インターネット検索できる方々のため、原稿をここに掲示します。

長い間 「 歴史的假名遣ひ 」 を使はなかつたためと、ワープロが現代假名遣ひ用に出來てゐるため、つひそれが殘りますが、お氣付きの間違ひあれば御教示下さい。

當分は、一部の文章だけを 「 正字 」 「 歴史的假名遣ひ 」 で書くことにします。





                       平成21年元旦



      新年おめでたうございます



                       伊原 吉之助



  皆樣、希望の持てる新年を迎へられますやうに! 近況報告を兼ねた賀状です。

  ( 合同ゼミの課題通知を兼ねてゐるので、御不幸があつた方にも出します。今年から占領政策の日本語潰しを跳返すため、正字・歴史的假名遣ひにします。讀慣れ、正字の美しさを堪能して下さい )


  昨年は天下動亂の年、シナでは天變地異相次ぎ、アメリカでは強欲資本主義の破綻が明らかになりました。かくて天下大亂は今年、更に深刻化する恐れがあります。私達は動ぜず、強く正しく美しく生きて行きませう。


  台灣が中國に併呑される道に入りました。シナ人の陰謀癖と執念深さを知らず、知らうともせぬ暢氣な台灣の若い世代が、馬英九率ゐる中國國民黨を支持したからです。私は、台灣人は二度と本土派政權をつくらせて貰へないのではないかと危惧して居ます。さうならぬやうに祈るばかり。


  更に、米國發金融危機です。ノアの方舟以來の人類激減の危機を招來せぬやう、これまた祈るばかり。

  危機をこれ以上擴げぬやう、全身全靈を絞つて奮闘致しませう。

  人類が生延びるには、賢い人を盛立てて、その人達の智慧に從はねばなりません。

  小賢しい智慧を棄てて深く省察し、度胸を据ゑ、覺悟を決めねばなりません。

  民主主義とは、就き從ふに足る智慧と勇氣のある人を見つけ出す方法の筈。間違つても、小泉チルドレンのような無能な人達を選んではなりませぬ。自滅は避けませう。

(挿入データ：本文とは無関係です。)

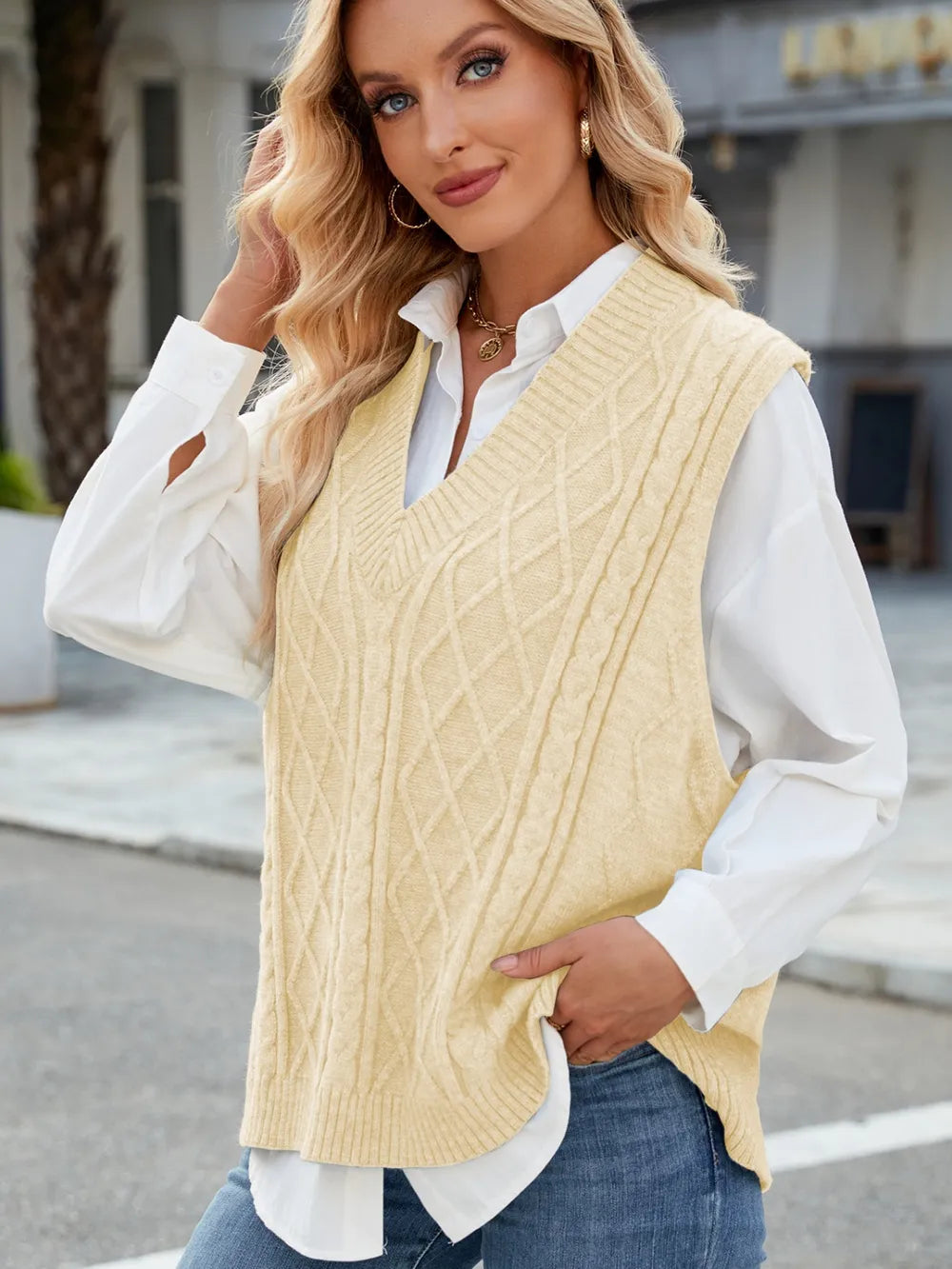 Cable Knit V-Neck Sweater Vest – Trendsi | ClozArt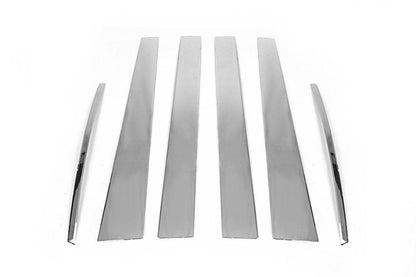 Door pillar molding (6 pieces, stainless steel) for Mitsubishi L200 2015-2024 - Reelken Auto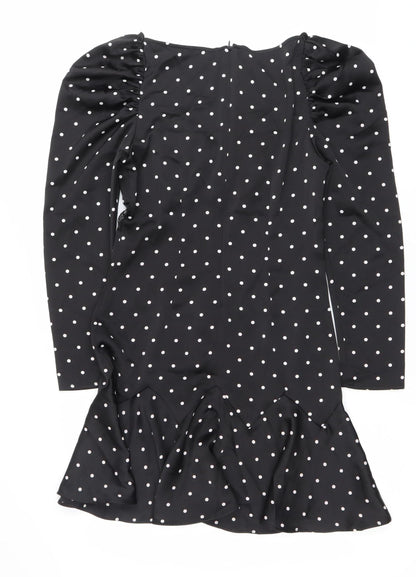 H&M Women’s Black Polka Dot Bodycon Dress Size 8 Long Sleeve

  私は、私達の祖先が營々として築ゐて來た 「 日本人の生き方 」 の中に、世界人類を救ふ智慧ある生き方が存在すると確信して居ります。


  二二六事件で蹶起した青年將校の一部の人は 「 維新 」 と 「 革命 」 を混同してゐます。

  革命とは現状の全面否定です。歴史の斷絶です。

  維新とは復古、即ち古き良き傳統の復活再生です。

  人生には、變りにくい部分と變りやすい部分があります。普遍的部分と枝葉末節部分と言つても宜しい。變りにくい部分、變へてはいけない部分を活性化するのが 「 復古 」 であり 「 維新 」 なのです。

  かういふ普遍的部分があるから、遙か昔に生きたソクラテスや釋迦や孔子の言葉が今も私達を勵まし教へ導いてくれるのです。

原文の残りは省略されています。